--- RECORDED INFORMATION Enclosed Below ---

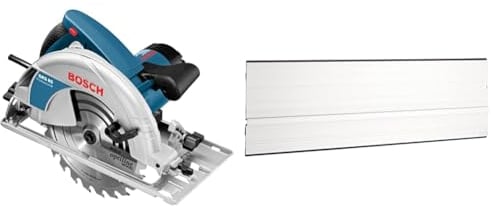 Bosch Professional Handkreissäge GKS 85 (2.200 Watt, Sägeblatt-Ø: 235 mm, 1x Kreissägeblatt, im Karton) + Zubehör 2602317030 Führungsschiene FSN 70
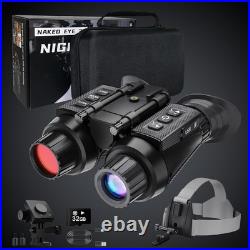 4K Head-Mounted Night Vision Goggles & Binoculars for Adults Infrared NVG w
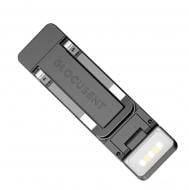 Лампа светодиодная GLOCUSENT закладка в книгу 65 Lm серый GL026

--- End of Enclosed RECORDED INFORMATION ---

— YOUR GOAL —
In the data above, find the line containing "4K Head-Mounted Night"; from there, please write out each line through the end, exactly, with the pictures omitted.

— EXERCISE OUTPUT —
 4K Head-Mounted Night Vision Goggles & Binoculars for Adults Infrared NVG w
 Лампа светодиодная GLOCUSENT закладка в книгу 65 Lm серый GL026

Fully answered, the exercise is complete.